The inner layer of a superluminous supernovae has elongated in a matter of weeks, new observations show. 

RCW 103, the remains of a supernova explosion located about 9,000 light-years from Earth. It's nothing compared to superluminous supernovae, though – and a new study suggests the big ones have a couple of ejecta layers.
X-ray: NASA / CXC / University of Amsterdam / N.Rea et al; Optical: DSS

Some of the biggest and brightest exploding stars don't keep a spherical shape, new observations show, but may periodically stretch into a hot dog bun shape.

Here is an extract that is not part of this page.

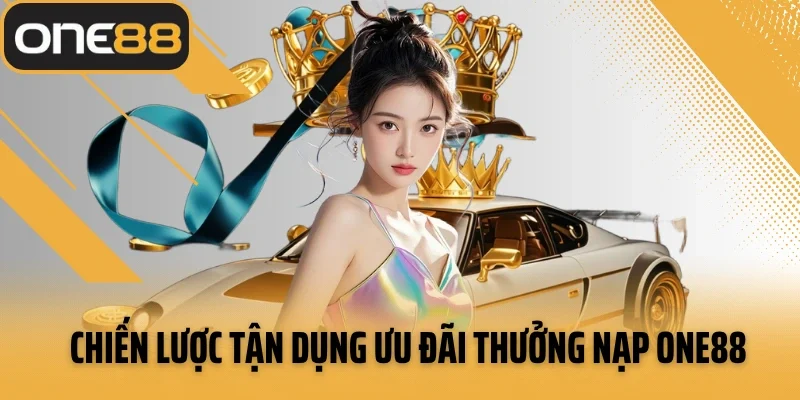 Chiến lược tận dụng ưu đãi thưởng nạp ONE88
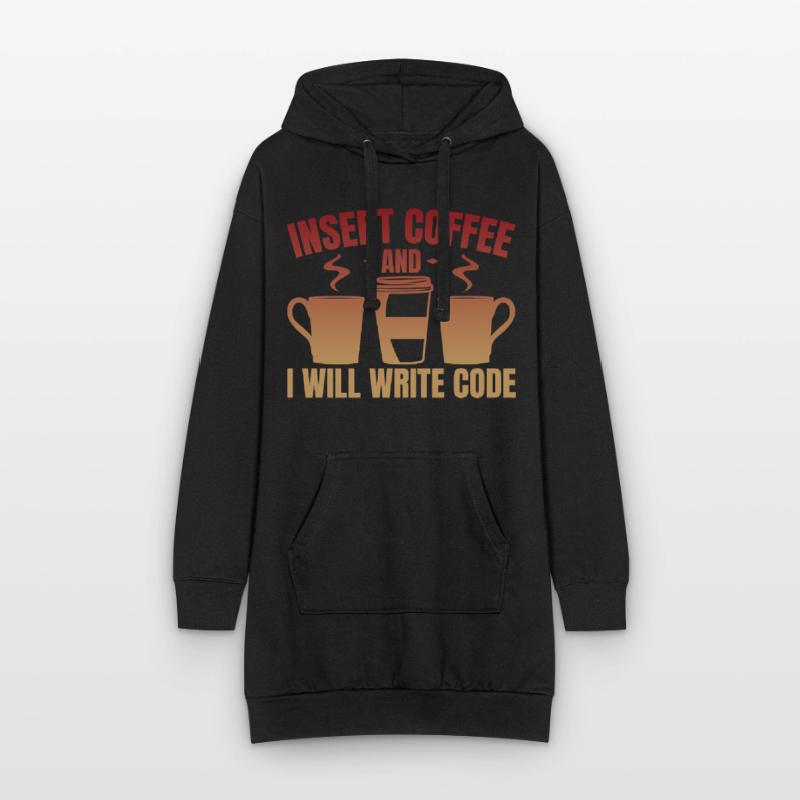 Throw in coffee and write code Hoodie Dress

Cosimo Inserra from Queen's University Belfast in the UK and colleagues measured polarised light, which gives information about asymmetries of the source, emanating from the superluminous supernova 2015bn. They found it changed shape over the course of a couple of months, pulling from a ball into an ellipsoid after peak brightness.

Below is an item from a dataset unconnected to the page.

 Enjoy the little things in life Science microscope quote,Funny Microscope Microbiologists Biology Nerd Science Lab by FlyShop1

The work, published in The Astrophysical Journal, provides another insight into the lifecycle of these strange cosmic objects.

Supernovae are produced when a star in its death throes and collapses on itself, blasting a shell of material away from a black hole or a dense, spinning object with an immense magnetic field called a magnetar left in the centre.

Superluminous supernovae, as their name suggests, are particularly bright – but they're mysterious.

While they explode with billions of times the energy of the sun – and last longer than a typical supernova, stretching months instead of weeks – astronomers have only known of their existence for the past six years or so.

One of the closest superluminous supernovae – SN 2015bn – is fading in visible light, but undulating in the ultraviolet part of the spectrum. This, astronomers think, is the result of a magnetar reheating material around it, which results in a burst of ejecta every 30 to 50 days.

But while it was ramping up to peak brightness, Cosimo and his colleagues trained a spectrograph on Chile's Very Large Telescope on SN 2015bn to detect polarised light.

Where unpolarised light waves move in, say, horizontal and vertical planes, polarised light moves in a single plane. Measuring polarised light – called polarimetry – and analysing it with come nifty calculations can give astronomers the rough shape of an object, such as the layers of supernova ejecta.

The best fitting model comprised two layers of ejecta. Some 24 days before peak brightness, SN 2015bn's outside ejecta layer was the same shape as the inner – like a soccer ball inside a basketball.

But 28 days after the brightness started waning, more polarised light intimated that the inner ejecta had morphed into an ellipsoid while the outer later stayed roughly spherical – like a small rounded Australian football in a basketball.

So what does this mean?

The axisymmetric shape, the researchers write, is in line with a core-collapse explosion. A central inner engine of a magnetar or black hole pumps energy into the layers, causing the asymmetry over time.

As to whether the shape is typical for a superluminous supernova or not is unknown. More observations and detailed modelling of other superluminous supernovae – and time – will tell.